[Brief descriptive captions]

/---

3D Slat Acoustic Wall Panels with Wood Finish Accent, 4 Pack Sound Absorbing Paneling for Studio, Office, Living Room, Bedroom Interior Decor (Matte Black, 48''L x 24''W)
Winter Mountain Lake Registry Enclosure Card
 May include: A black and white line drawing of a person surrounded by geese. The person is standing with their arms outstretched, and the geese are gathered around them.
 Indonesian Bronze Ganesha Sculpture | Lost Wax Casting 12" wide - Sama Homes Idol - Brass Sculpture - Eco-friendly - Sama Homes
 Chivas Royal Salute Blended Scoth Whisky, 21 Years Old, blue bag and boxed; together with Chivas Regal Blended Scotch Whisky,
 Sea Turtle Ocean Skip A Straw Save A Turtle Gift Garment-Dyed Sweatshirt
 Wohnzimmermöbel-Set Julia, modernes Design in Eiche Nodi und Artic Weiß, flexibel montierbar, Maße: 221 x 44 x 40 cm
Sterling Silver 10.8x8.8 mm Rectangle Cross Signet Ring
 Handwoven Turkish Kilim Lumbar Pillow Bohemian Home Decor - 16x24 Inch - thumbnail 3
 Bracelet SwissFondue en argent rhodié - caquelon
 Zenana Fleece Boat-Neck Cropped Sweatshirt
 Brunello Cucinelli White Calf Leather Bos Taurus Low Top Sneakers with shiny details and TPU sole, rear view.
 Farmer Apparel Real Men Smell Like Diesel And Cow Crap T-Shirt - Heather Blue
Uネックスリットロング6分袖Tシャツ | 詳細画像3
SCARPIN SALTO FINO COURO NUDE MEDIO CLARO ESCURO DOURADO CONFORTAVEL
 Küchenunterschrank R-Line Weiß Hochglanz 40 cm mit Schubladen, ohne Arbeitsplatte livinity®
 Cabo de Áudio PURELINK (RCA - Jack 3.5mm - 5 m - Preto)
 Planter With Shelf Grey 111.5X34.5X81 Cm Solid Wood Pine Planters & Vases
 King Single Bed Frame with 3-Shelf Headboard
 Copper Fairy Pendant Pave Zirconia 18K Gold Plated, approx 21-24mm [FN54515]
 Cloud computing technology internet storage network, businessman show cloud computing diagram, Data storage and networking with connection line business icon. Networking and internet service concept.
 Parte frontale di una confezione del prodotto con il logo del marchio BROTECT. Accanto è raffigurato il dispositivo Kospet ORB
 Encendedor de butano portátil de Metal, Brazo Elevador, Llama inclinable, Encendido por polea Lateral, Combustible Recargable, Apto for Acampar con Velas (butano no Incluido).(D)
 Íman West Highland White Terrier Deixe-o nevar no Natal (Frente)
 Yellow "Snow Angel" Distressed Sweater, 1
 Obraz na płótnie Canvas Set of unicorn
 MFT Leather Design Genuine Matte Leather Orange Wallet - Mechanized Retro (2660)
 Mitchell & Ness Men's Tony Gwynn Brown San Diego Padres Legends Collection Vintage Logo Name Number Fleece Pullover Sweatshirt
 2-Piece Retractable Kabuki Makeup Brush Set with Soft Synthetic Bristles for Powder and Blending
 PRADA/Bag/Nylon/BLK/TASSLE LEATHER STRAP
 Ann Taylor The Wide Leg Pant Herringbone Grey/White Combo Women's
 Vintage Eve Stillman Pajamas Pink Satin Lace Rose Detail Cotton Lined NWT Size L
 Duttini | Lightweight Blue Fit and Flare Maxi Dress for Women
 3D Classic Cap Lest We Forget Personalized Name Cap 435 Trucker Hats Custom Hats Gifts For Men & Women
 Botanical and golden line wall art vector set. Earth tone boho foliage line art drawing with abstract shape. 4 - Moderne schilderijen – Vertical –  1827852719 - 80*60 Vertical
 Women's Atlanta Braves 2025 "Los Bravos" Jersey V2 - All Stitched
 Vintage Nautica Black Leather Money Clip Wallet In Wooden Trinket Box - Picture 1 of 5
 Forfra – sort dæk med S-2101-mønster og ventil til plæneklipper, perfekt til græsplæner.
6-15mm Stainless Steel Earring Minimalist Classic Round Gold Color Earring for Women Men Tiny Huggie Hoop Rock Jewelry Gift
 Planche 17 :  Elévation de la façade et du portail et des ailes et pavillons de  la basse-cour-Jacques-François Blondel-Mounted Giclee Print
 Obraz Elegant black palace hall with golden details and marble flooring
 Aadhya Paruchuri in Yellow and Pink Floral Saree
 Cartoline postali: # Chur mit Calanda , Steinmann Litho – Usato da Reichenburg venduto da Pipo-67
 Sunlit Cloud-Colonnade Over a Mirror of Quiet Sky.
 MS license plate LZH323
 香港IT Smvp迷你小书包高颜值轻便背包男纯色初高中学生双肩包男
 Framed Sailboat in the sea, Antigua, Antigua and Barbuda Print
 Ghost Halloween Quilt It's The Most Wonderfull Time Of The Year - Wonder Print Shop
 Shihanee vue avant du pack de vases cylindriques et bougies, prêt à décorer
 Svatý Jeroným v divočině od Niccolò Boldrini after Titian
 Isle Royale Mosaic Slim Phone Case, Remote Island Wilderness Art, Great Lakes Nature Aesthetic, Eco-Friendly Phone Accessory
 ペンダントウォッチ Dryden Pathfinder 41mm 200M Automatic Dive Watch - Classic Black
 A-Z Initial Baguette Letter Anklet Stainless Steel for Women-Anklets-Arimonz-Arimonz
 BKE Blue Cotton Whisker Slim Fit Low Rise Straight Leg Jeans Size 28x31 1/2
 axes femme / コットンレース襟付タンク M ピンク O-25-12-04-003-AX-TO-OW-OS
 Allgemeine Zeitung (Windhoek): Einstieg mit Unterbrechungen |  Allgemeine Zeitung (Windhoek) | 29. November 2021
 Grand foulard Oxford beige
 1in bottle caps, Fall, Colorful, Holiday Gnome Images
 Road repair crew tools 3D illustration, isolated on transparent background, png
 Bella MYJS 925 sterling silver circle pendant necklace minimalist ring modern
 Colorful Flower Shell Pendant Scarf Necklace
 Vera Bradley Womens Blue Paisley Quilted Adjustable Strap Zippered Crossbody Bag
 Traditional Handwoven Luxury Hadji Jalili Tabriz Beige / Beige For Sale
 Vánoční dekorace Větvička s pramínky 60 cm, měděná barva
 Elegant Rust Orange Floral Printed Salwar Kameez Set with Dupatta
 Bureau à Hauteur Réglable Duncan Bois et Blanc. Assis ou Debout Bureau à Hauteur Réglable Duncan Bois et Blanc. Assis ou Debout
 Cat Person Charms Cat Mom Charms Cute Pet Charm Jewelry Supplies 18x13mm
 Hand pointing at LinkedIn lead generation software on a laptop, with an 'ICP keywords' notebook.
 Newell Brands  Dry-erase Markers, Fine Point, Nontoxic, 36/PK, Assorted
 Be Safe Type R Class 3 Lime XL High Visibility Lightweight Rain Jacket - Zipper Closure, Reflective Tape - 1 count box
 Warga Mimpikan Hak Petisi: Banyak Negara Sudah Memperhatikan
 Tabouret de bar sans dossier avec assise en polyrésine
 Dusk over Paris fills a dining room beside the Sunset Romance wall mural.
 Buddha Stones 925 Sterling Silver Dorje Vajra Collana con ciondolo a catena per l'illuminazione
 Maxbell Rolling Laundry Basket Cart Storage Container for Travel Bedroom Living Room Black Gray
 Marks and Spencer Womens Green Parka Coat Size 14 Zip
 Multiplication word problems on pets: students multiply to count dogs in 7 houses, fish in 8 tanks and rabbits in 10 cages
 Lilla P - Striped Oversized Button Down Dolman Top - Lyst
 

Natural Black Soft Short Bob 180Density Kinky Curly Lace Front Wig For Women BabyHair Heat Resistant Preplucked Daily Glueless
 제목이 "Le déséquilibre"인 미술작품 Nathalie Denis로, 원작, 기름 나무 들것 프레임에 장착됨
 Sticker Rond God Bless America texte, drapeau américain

\---

◆ TRY IT
Write the data out again. Match it exactly.

◆ EXERCISE RESULT
3D Slat Acoustic Wall Panels with Wood Finish Accent, 4 Pack Sound Absorbing Paneling for Studio, Office, Living Room, Bedroom Interior Decor (Matte Black, 48''L x 24''W)
Winter Mountain Lake Registry Enclosure Card
 May include: A black and white line drawing of a person surrounded by geese. The person is standing with their arms outstretched, and the geese are gathered around them.
 Indonesian Bronze Ganesha Sculpture | Lost Wax Casting 12" wide - Sama Homes Idol - Brass Sculpture - Eco-friendly - Sama Homes
 Chivas Royal Salute Blended Scoth Whisky, 21 Years Old, blue bag and boxed; together with Chivas Regal Blended Scotch Whisky,
 Sea Turtle Ocean Skip A Straw Save A Turtle Gift Garment-Dyed Sweatshirt
 Wohnzimmermöbel-Set Julia, modernes Design in Eiche Nodi und Artic Weiß, flexibel montierbar, Maße: 221 x 44 x 40 cm
Sterling Silver 10.8x8.8 mm Rectangle Cross Signet Ring
 Handwoven Turkish Kilim Lumbar Pillow Bohemian Home Decor - 16x24 Inch - thumbnail 3
 Bracelet SwissFondue en argent rhodié - caquelon
 Zenana Fleece Boat-Neck Cropped Sweatshirt
 Brunello Cucinelli White Calf Leather Bos Taurus Low Top Sneakers with shiny details and TPU sole, rear view.
 Farmer Apparel Real Men Smell Like Diesel And Cow Crap T-Shirt - Heather Blue
Uネックスリットロング6分袖Tシャツ | 詳細画像3
SCARPIN SALTO FINO COURO NUDE MEDIO CLARO ESCURO DOURADO CONFORTAVEL
 Küchenunterschrank R-Line Weiß Hochglanz 40 cm mit Schubladen, ohne Arbeitsplatte livinity®
 Cabo de Áudio PURELINK (RCA - Jack 3.5mm - 5 m - Preto)
 Planter With Shelf Grey 111.5X34.5X81 Cm Solid Wood Pine Planters & Vases
 King Single Bed Frame with 3-Shelf Headboard
 Copper Fairy Pendant Pave Zirconia 18K Gold Plated, approx 21-24mm [FN54515]
 Cloud computing technology internet storage network, businessman show cloud computing diagram, Data storage and networking with connection line business icon. Networking and internet service concept.
 Parte frontale di una confezione del prodotto con il logo del marchio BROTECT. Accanto è raffigurato il dispositivo Kospet ORB
 Encendedor de butano portátil de Metal, Brazo Elevador, Llama inclinable, Encendido por polea Lateral, Combustible Recargable, Apto for Acampar con Velas (butano no Incluido).(D)
 Íman West Highland White Terrier Deixe-o nevar no Natal (Frente)
 Yellow "Snow Angel" Distressed Sweater, 1
 Obraz na płótnie Canvas Set of unicorn
 MFT Leather Design Genuine Matte Leather Orange Wallet - Mechanized Retro (2660)
 Mitchell & Ness Men's Tony Gwynn Brown San Diego Padres Legends Collection Vintage Logo Name Number Fleece Pullover Sweatshirt
 2-Piece Retractable Kabuki Makeup Brush Set with Soft Synthetic Bristles for Powder and Blending
 PRADA/Bag/Nylon/BLK/TASSLE LEATHER STRAP
 Ann Taylor The Wide Leg Pant Herringbone Grey/White Combo Women's
 Vintage Eve Stillman Pajamas Pink Satin Lace Rose Detail Cotton Lined NWT Size L
 Duttini | Lightweight Blue Fit and Flare Maxi Dress for Women
 3D Classic Cap Lest We Forget Personalized Name Cap 435 Trucker Hats Custom Hats Gifts For Men & Women
 Botanical and golden line wall art vector set. Earth tone boho foliage line art drawing with abstract shape. 4 - Moderne schilderijen – Vertical –  1827852719 - 80*60 Vertical
 Women's Atlanta Braves 2025 "Los Bravos" Jersey V2 - All Stitched
 Vintage Nautica Black Leather Money Clip Wallet In Wooden Trinket Box - Picture 1 of 5
 Forfra – sort dæk med S-2101-mønster og ventil til plæneklipper, perfekt til græsplæner.
6-15mm Stainless Steel Earring Minimalist Classic Round Gold Color Earring for Women Men Tiny Huggie Hoop Rock Jewelry Gift
 Planche 17 :  Elévation de la façade et du portail et des ailes et pavillons de  la basse-cour-Jacques-François Blondel-Mounted Giclee Print
 Obraz Elegant black palace hall with golden details and marble flooring
 Aadhya Paruchuri in Yellow and Pink Floral Saree
 Cartoline postali: # Chur mit Calanda , Steinmann Litho – Usato da Reichenburg venduto da Pipo-67
 Sunlit Cloud-Colonnade Over a Mirror of Quiet Sky.
 MS license plate LZH323
 香港IT Smvp迷你小书包高颜值轻便背包男纯色初高中学生双肩包男
 Framed Sailboat in the sea, Antigua, Antigua and Barbuda Print
 Ghost Halloween Quilt It's The Most Wonderfull Time Of The Year - Wonder Print Shop
 Shihanee vue avant du pack de vases cylindriques et bougies, prêt à décorer
 Svatý Jeroným v divočině od Niccolò Boldrini after Titian
 Isle Royale Mosaic Slim Phone Case, Remote Island Wilderness Art, Great Lakes Nature Aesthetic, Eco-Friendly Phone Accessory
 ペンダントウォッチ Dryden Pathfinder 41mm 200M Automatic Dive Watch - Classic Black
 A-Z Initial Baguette Letter Anklet Stainless Steel for Women-Anklets-Arimonz-Arimonz
 BKE Blue Cotton Whisker Slim Fit Low Rise Straight Leg Jeans Size 28x31 1/2
 axes femme / コットンレース襟付タンク M ピンク O-25-12-04-003-AX-TO-OW-OS
 Allgemeine Zeitung (Windhoek): Einstieg mit Unterbrechungen |  Allgemeine Zeitung (Windhoek) | 29. November 2021
 Grand foulard Oxford beige
 1in bottle caps, Fall, Colorful, Holiday Gnome Images
 Road repair crew tools 3D illustration, isolated on transparent background, png
 Bella MYJS 925 sterling silver circle pendant necklace minimalist ring modern
 Colorful Flower Shell Pendant Scarf Necklace
 Vera Bradley Womens Blue Paisley Quilted Adjustable Strap Zippered Crossbody Bag
 Traditional Handwoven Luxury Hadji Jalili Tabriz Beige / Beige For Sale
 Vánoční dekorace Větvička s pramínky 60 cm, měděná barva
 Elegant Rust Orange Floral Printed Salwar Kameez Set with Dupatta
 Bureau à Hauteur Réglable Duncan Bois et Blanc. Assis ou Debout Bureau à Hauteur Réglable Duncan Bois et Blanc. Assis ou Debout
 Cat Person Charms Cat Mom Charms Cute Pet Charm Jewelry Supplies 18x13mm
 Hand pointing at LinkedIn lead generation software on a laptop, with an 'ICP keywords' notebook.
 Newell Brands  Dry-erase Markers, Fine Point, Nontoxic, 36/PK, Assorted
 Be Safe Type R Class 3 Lime XL High Visibility Lightweight Rain Jacket - Zipper Closure, Reflective Tape - 1 count box
 Warga Mimpikan Hak Petisi: Banyak Negara Sudah Memperhatikan
 Tabouret de bar sans dossier avec assise en polyrésine
 Dusk over Paris fills a dining room beside the Sunset Romance wall mural.
 Buddha Stones 925 Sterling Silver Dorje Vajra Collana con ciondolo a catena per l'illuminazione
 Maxbell Rolling Laundry Basket Cart Storage Container for Travel Bedroom Living Room Black Gray
 Marks and Spencer Womens Green Parka Coat Size 14 Zip
 Multiplication word problems on pets: students multiply to count dogs in 7 houses, fish in 8 tanks and rabbits in 10 cages
 Lilla P - Striped Oversized Button Down Dolman Top - Lyst
 

Natural Black Soft Short Bob 180Density Kinky Curly Lace Front Wig For Women BabyHair Heat Resistant Preplucked Daily Glueless
 제목이 "Le déséquilibre"인 미술작품 Nathalie Denis로, 원작, 기름 나무 들것 프레임에 장착됨
 Sticker Rond God Bless America texte, drapeau américain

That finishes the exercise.